Another factor in how close you can approach trout is how well you can see them. If there is a lot of glare on the water, and
there always is, you should wear polarized glasses. There is no sense in stumbling over a trout directly in front of you. It will go
upstream and warn its entire family that a creature is coming. Seriously, when trout suddenly shoot upstream, I believe it
signals other fish that danger is approaching or it at least makes them aware something is not normal. The least fish you can
spook, the better off you are, even if you are not trying to catch them. t helps if you can see what is ahead of you. I don't want
to get into wading yet, but when you can see everything in the water ahead of you, you can wade making the least amount of
disturbance.

Trout do not have to see you in order for them to detect your presence. They can hear you. You can yell at your buddy and
that won't bother them. If you move a rock on the bottom of the stream, it will. If you stumble along the bank, it will disturb them.
They can hear the sound you through their lateral line. Again, I don't want to get technical. This is not the place to discuss how
fish hear in detail. Just be aware that you should walk softly, without disturbing things on the bottom of the stream or the
ground.

Lets summarize what I have said so far about hiding from the trout:
1. Keep a low profile. I don't mean crawl along the bank or even that you need to stoop low when you are wading. Just be
aware that the higher you are, the farther away trout can see you. Don't climb up on boulders and search the water for the
trout. They are there. You are just warning them that you are there.

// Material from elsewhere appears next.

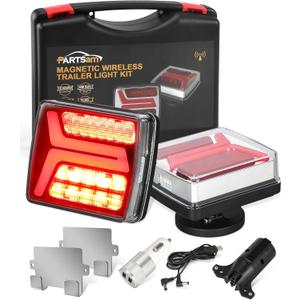 Partsam LED Wireless Trailer Lights Kit Magnetic Towing Tail Lights 58LED Universal Stop Turn Running Light with License Plate Light Dual USB Cable Charges for Trailers IP67 10-30V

2. Dress to blend in with the surroundings. Don't wear flashy or bright colored clothing. 4. Don't disturb the bottom of the
stream or the ground along the banks. Trout can hear you. Avoid moving or kicking rocks.

3. Wear polarized sunglasses. The better you can see what is ahead in the water, the easier it is for you to prevent spooking
the trout ahead. If you loose your footing and step off into a deep hole you will spook every trout in the creek.